福岡 vs 札幌

博多の森で行われた、札幌にとってアウェイの戦い。CSで観戦。

 福岡の気温が30度、北海道の気温が10度前後、その差20度。この気温差が札幌の動きを止めてしまうのか。更に、曽田選手が発熱で欠場という札幌のセンターバック2人とも欠場という状況。変わりにセンターバックが西嶋選手と西澤選手が入り、サイドはカウエ選手と池内選手が勤める。その空いたボランチに大塚選手と言う布陣となった。

 これまでこの組み合わせは無かったため連携が心配になる。
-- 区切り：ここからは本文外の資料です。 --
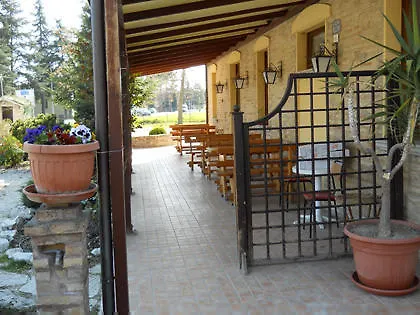Al Casolare Hotel Corinaldo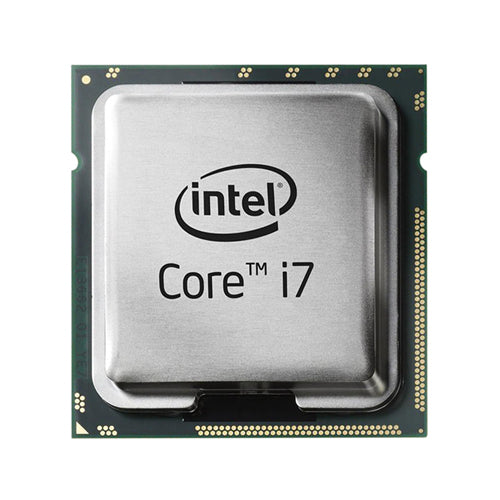 721690-002 HP 2.80GHz 5.00GT/s DMI2 6MB L3 Cache Socket PGA946 Intel Core i7-4810MQ Quad-Core Processor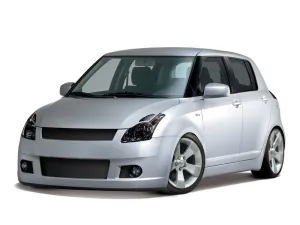 Suzuki Swift 2004-2010 uyumlu Coil-Ex 2005-2010 Arası Spor Yay 35 / 35 Mm modelleri DRS Tuning'de. Kaliteli malzeme, hızlı kargo ve güvenli alışverişle hemen
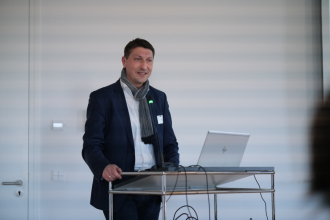 Kick-off Circular Building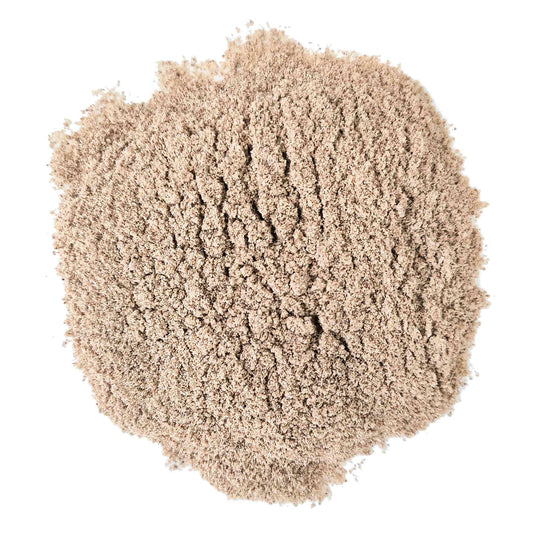 Psyllium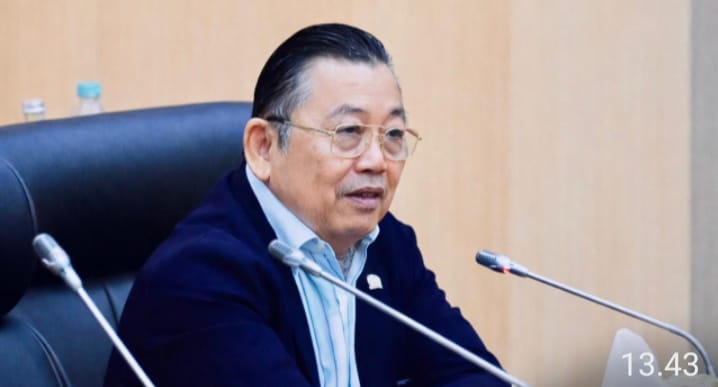 Blokade ‘Jalur Minyak’ Selat Hormuz Iran, DPR RI : Ekonomi Indonesia Bisa Terhantam 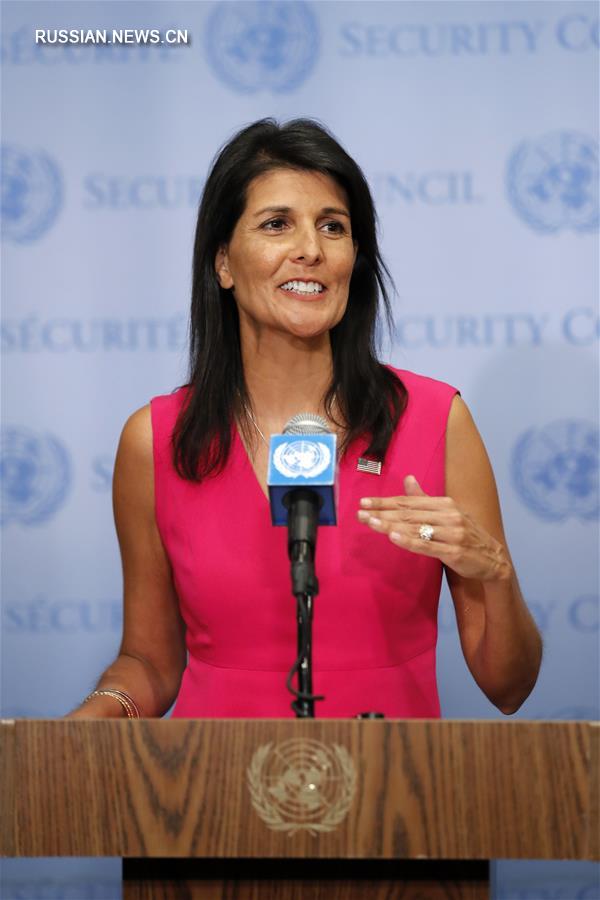 Американский представитель призвал МАГАТЭ активизировать проверку ядерных объектов  Ирана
気温と選手という状況を三浦監督を含めたコーチ陣がどのように試合を進めていくかが気になるところだった。

 前半の札幌は、いつものように相手の味方を見極め、前線のダヴィ選手と中山選手の頭をめがけて蹴り込むか西谷選手のサイドからの折り返しで攻め込む。
 
 暑さのためかやや動きが遅く、福岡の選手に球を奪われることも多い。そして最初のチャンスは札幌。FKからのチャンスからフリーになった池内選手のヘッドが外れる。 
 その後直ぐの福岡の素晴らしいパス交換から札幌のゴール前に運ばれ、上手くマークを外されたリンコン選手のシュートが決まり、福岡に先制される。

 その後も福岡が攻め込むが、札幌は良くしのぎ、さらに反撃を見せるがビッグチャンスを決められず。
 しかし1点リードし地元の福岡の選手が、天を仰ぎ苦しそうな顔を見せる。この暑さは福岡の選手にとっても苦痛のようだ。
 
 前半は、1-0で終了。

 後半開始早々、札幌の攻撃、ゴール前で大塚選手のシュートが相手選手に当たりそれをつめた西谷選手がシュート。これで同点。

 同点となった後は福岡の選手の足が止まり始めた。その後は、札幌のダヴィ選手の惜しいシュートの連続。見事に枠を外れるかキーパーの好守に阻まれる。ついていない。
 足の止まった福岡は、最後は引き分け狙いの交代を始める。それに対して札幌は、石井選手を入れ勝ち越しを狙う。この采配が試合を分けた事になった。
 後半、攻めあがった福岡のボールをカットした砂川選手がサイドを駆け上がる。福岡の選手は追いすがるのがやっとの状態。見事なパスが通り走りこんだ石井選手がシュート。
 1-2と札幌が逆転。このまま札幌は時間を進め試合終了。

 

 選手の質としては、決して札幌が勝っているわけではない。ゲームでの約束事が札幌の方がハッキリしていることと。走り負けない体力がある。それが、勝利の経験から更に試合運びのコツを学んでいるようである。
 普通ならレギュラーが欠け苦しい試合になるはずが、誰が変わりに入っても自分の役割が分かるようだ。それが他のチームと違うところである。

 三浦監督がまず守備から入ったのは正しかった。去年までの柳下監督の下で養った攻撃の仕組みは選手に身についているのだから、最初は守りそれが軌道に乗る事で攻撃にも力を入れやすくなる。その相乗効果が今の札幌の強さだろう。

 しかし、三浦監督の手腕を褒めないわけにはいかない。そしてそれに答える札幌の選手の能力の高さも評価に値するだろう。少なくとも今までの5段階計画が曲がりながらもあったから今の札幌がある。前社長の決断は正しかった。

 まだ、半分終わっていないうちに浮かれてしまっても不味いのだが、力はある。しかし、その力は、まだ本物ではない。この先の戦いがより一層チームを成長させるのだと思う。